• **DESCRIPTION OF THE TASK**
Starting with the line that has "Freedom Velvet 6" in the records below and stopping after the line that has "Dessy Womens African", output every line exactly and nothing else; skip pictures.

• **DATASET**
═══
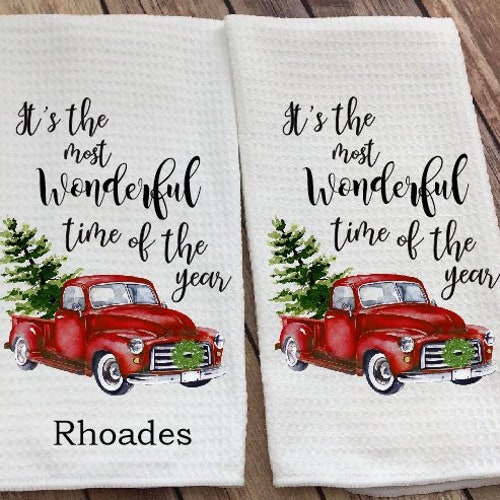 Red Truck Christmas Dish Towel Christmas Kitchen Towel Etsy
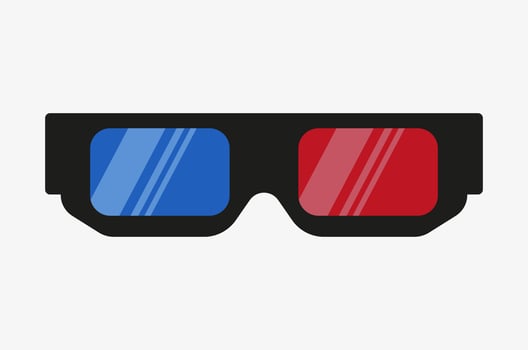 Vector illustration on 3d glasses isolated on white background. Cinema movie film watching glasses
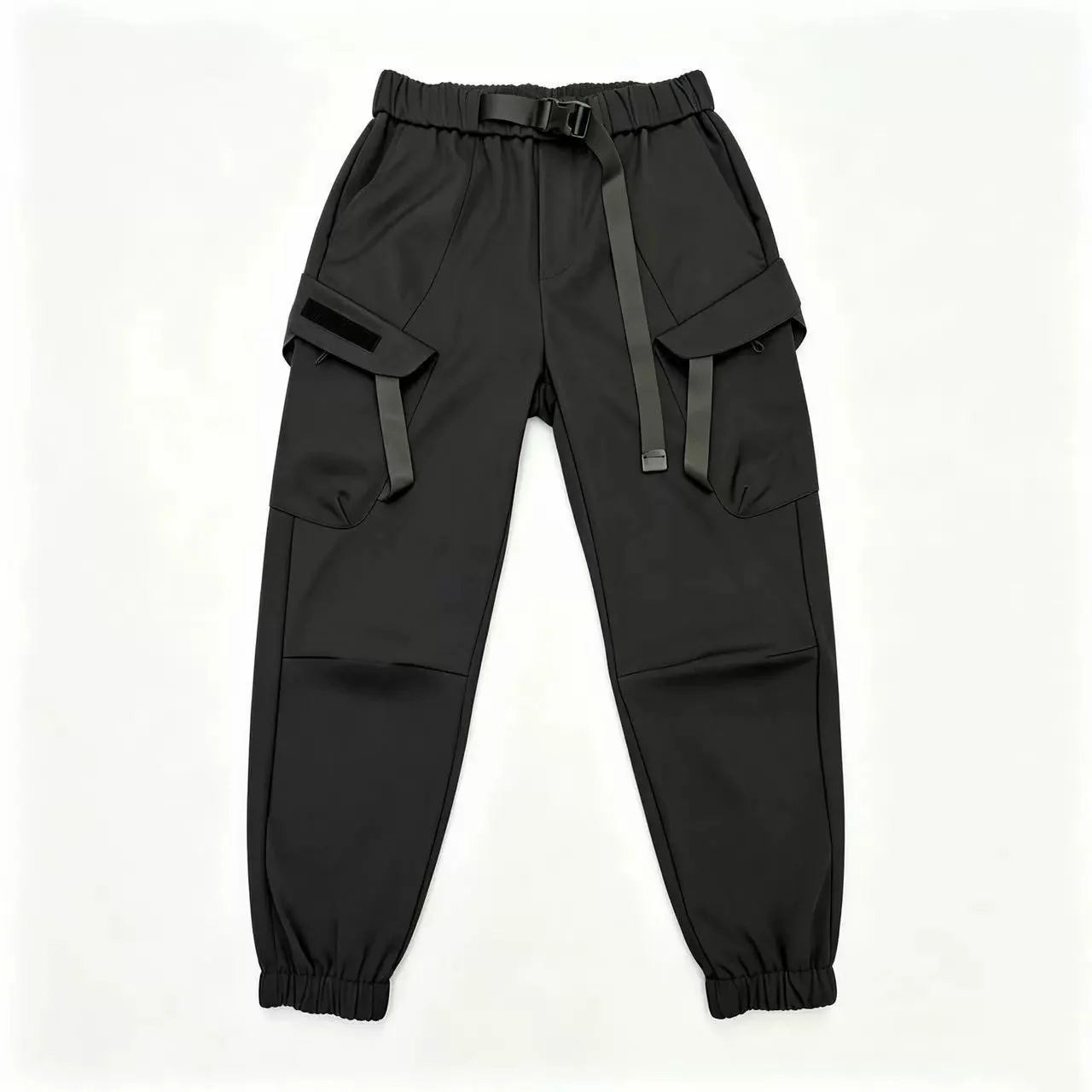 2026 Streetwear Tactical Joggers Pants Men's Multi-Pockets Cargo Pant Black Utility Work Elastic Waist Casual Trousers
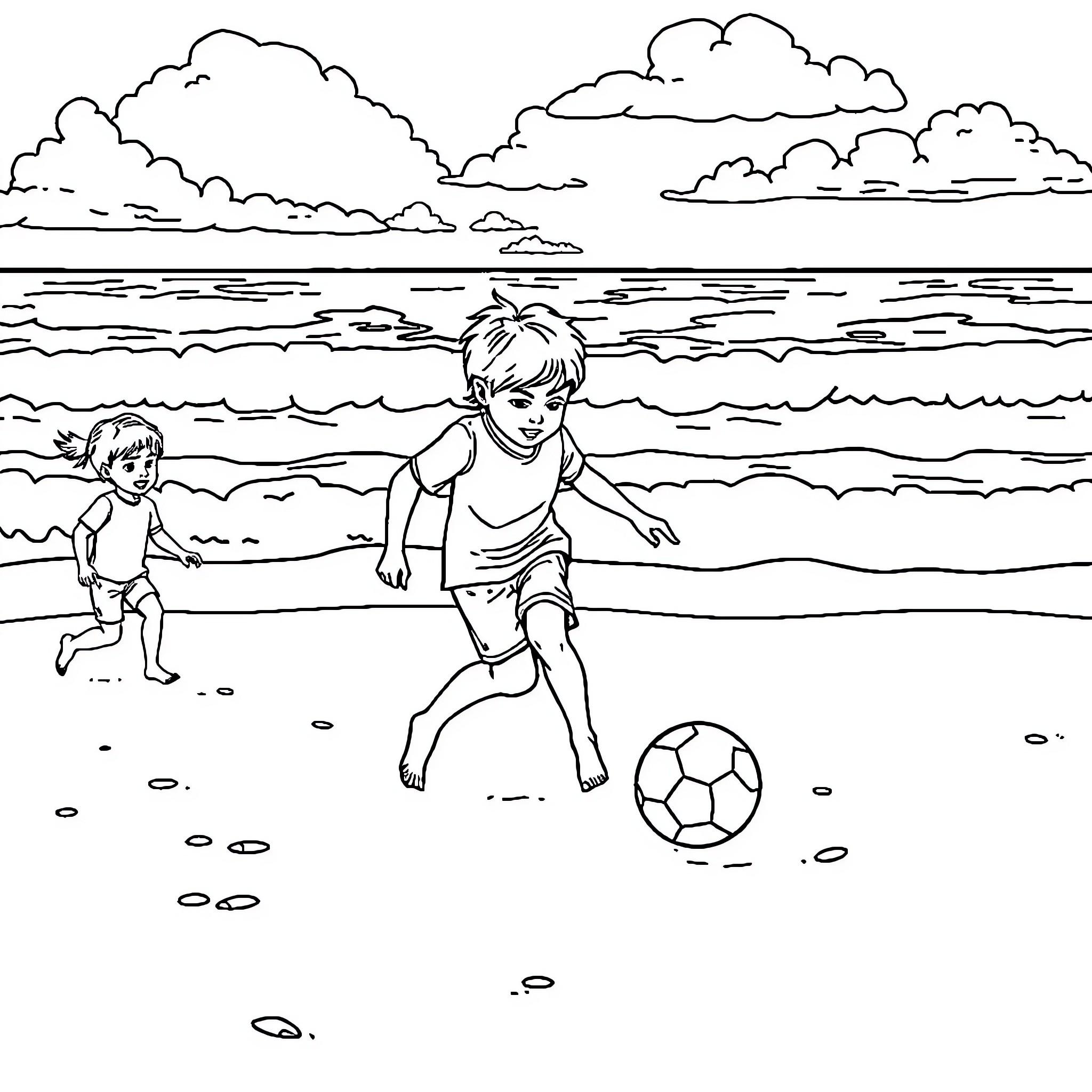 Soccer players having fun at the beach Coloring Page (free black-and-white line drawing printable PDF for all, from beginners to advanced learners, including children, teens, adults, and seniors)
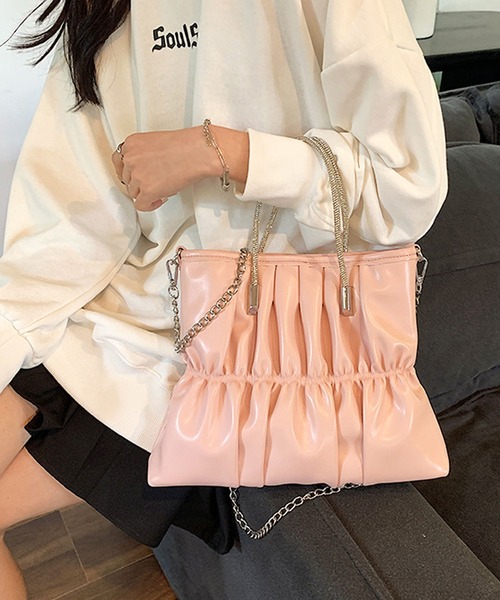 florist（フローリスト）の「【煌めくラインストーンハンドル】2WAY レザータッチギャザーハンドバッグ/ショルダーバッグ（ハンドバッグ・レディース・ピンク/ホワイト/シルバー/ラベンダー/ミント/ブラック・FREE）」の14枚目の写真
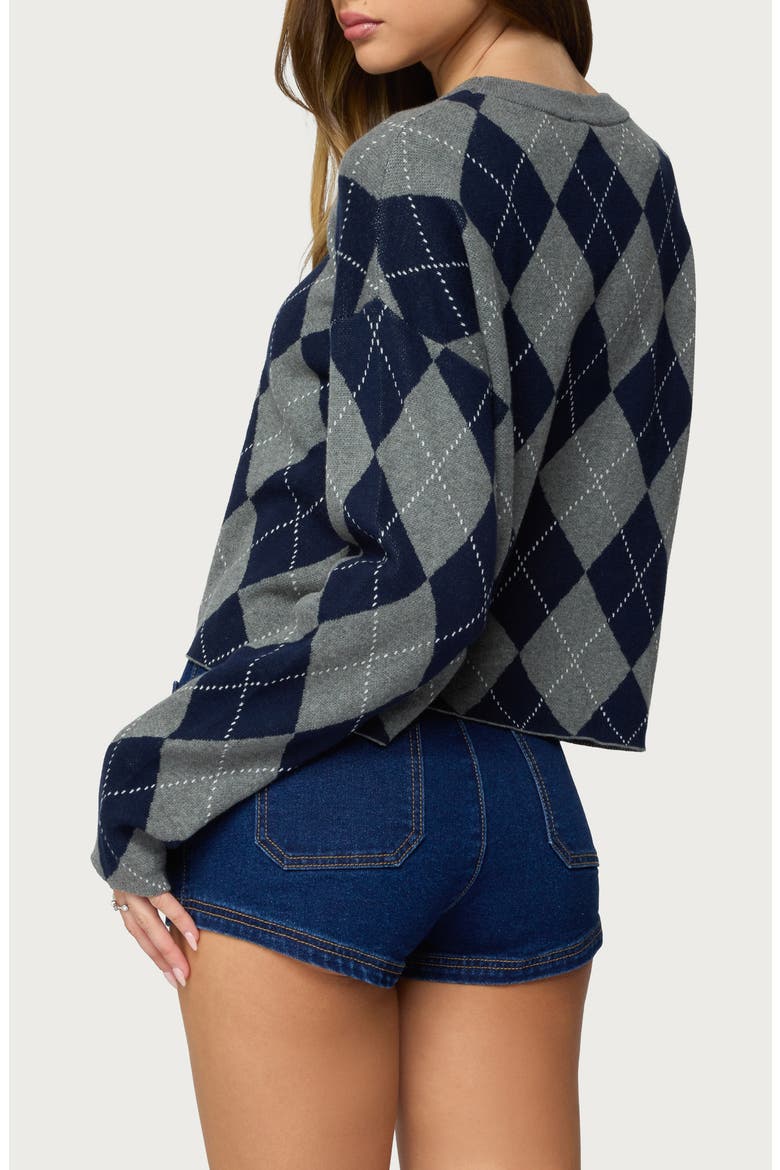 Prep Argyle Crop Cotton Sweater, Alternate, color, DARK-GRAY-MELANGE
═══
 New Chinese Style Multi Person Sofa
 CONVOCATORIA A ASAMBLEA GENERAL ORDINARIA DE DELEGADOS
═══
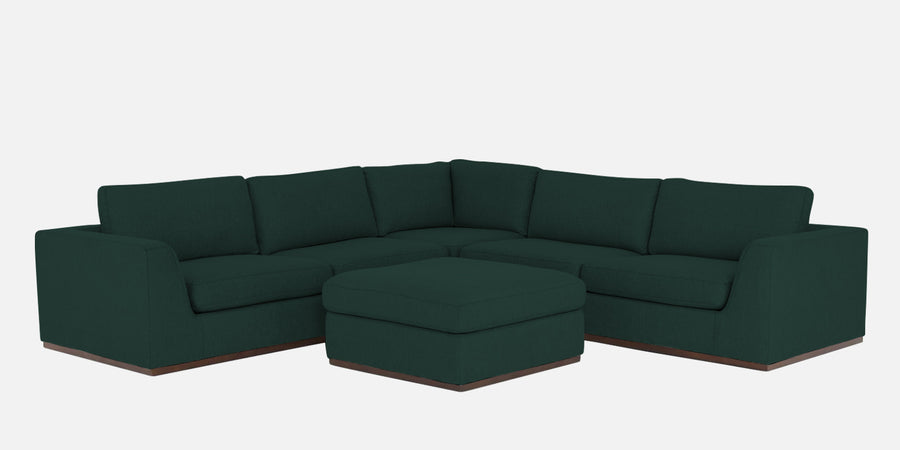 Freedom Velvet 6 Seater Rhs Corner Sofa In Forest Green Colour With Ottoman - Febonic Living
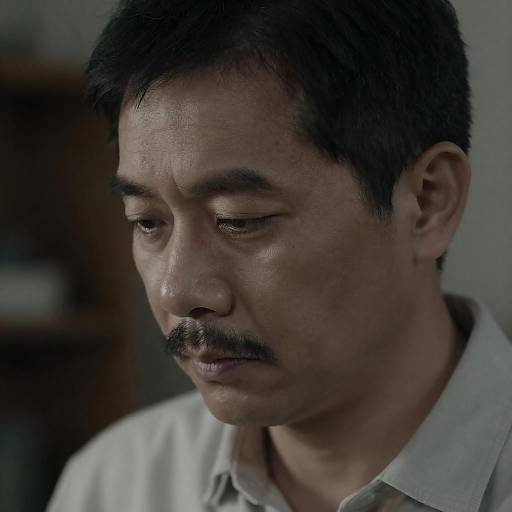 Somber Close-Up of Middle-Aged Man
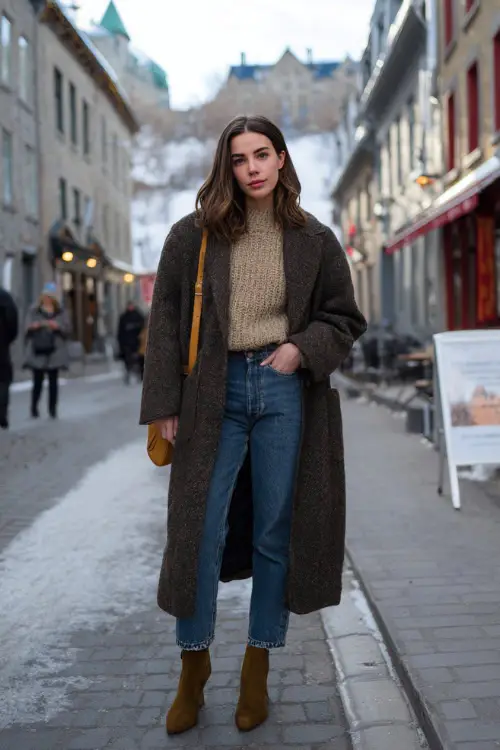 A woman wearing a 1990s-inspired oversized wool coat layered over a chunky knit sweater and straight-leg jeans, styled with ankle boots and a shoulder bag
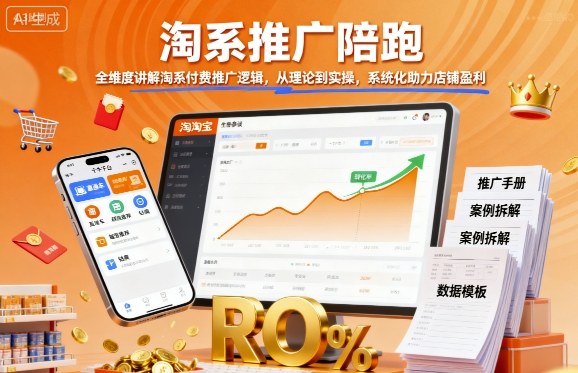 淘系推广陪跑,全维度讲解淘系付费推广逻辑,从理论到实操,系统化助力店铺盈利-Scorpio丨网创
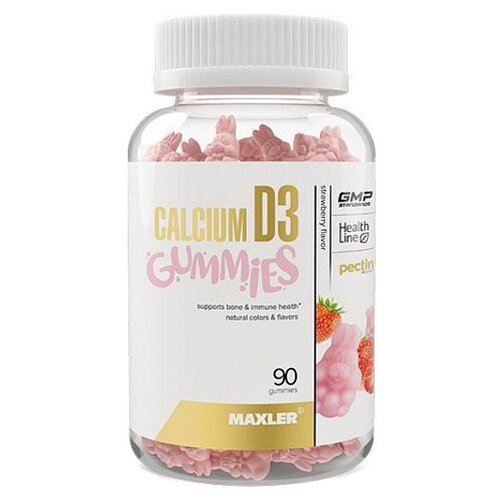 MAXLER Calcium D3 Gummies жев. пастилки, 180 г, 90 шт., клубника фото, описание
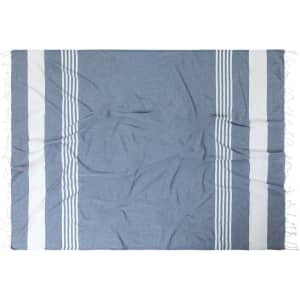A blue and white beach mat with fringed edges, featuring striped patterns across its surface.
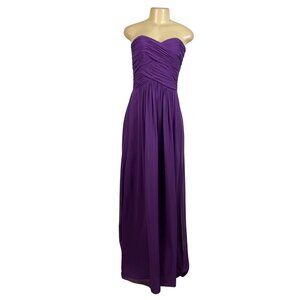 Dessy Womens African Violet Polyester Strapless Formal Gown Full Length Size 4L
═══
• **OUTPUT**
 Freedom Velvet 6 Seater Rhs Corner Sofa In Forest Green Colour With Ottoman - Febonic Living
 Somber Close-Up of Middle-Aged Man
 A woman wearing a 1990s-inspired oversized wool coat layered over a chunky knit sweater and straight-leg jeans, styled with ankle boots and a shoulder bag
 淘系推广陪跑,全维度讲解淘系付费推广逻辑,从理论到实操,系统化助力店铺盈利-Scorpio丨网创
 MAXLER Calcium D3 Gummies жев. пастилки, 180 г, 90 шт., клубника фото, описание
A blue and white beach mat with fringed edges, featuring striped patterns across its surface.
 Dessy Womens African Violet Polyester Strapless Formal Gown Full Length Size 4L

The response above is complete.